* **DATA SEGMENT**:
::::::
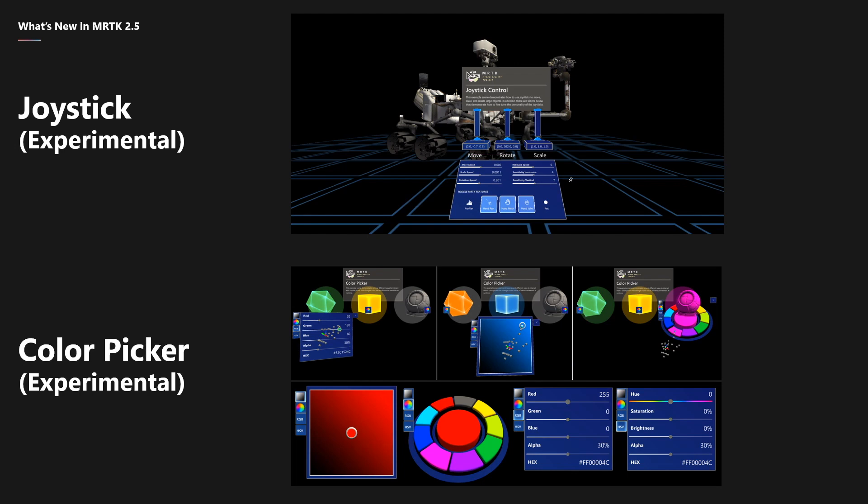Continuing on with experimental features, there's the joystick. This is a feature that allows you to control a large object at a distance using a holographic joystick. The example in the examples hub shows you how to move, scale, and rotate a large object at a distance.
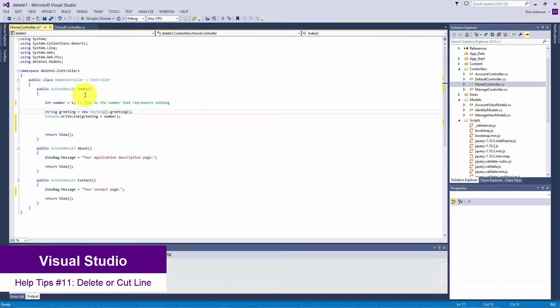Welcome back to help tips. This time I'm going to show you how to cut or delete a line.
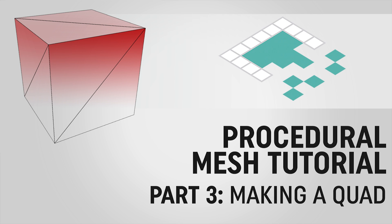Hey everyone, it's Ben from Board2Bits and welcome to part 3 of our series on making a 3D object through code in Unity.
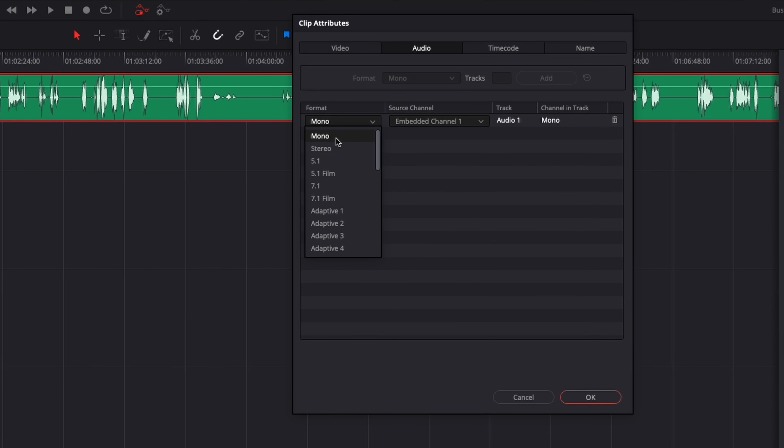Hi everybody, Jeremy here from VideoUtor Studio, and today I'd like to share with you how to switch your audio from mono to stereo in DaVinci Resolve. So let's check it out.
::::::
* **WHAT TO PRODUCE**: Copy out every line of the data above, taking care to leave the pictures out.

* **FINAL ANSWER**:
Continuing on with experimental features, there's the joystick. This is a feature that allows you to control a large object at a distance using a holographic joystick. The example in the examples hub shows you how to move, scale, and rotate a large object at a distance.
Welcome back to help tips. This time I'm going to show you how to cut or delete a line.
Hey everyone, it's Ben from Board2Bits and welcome to part 3 of our series on making a 3D object through code in Unity.
Hi everybody, Jeremy here from VideoUtor Studio, and today I'd like to share with you how to switch your audio from mono to stereo in DaVinci Resolve. So let's check it out.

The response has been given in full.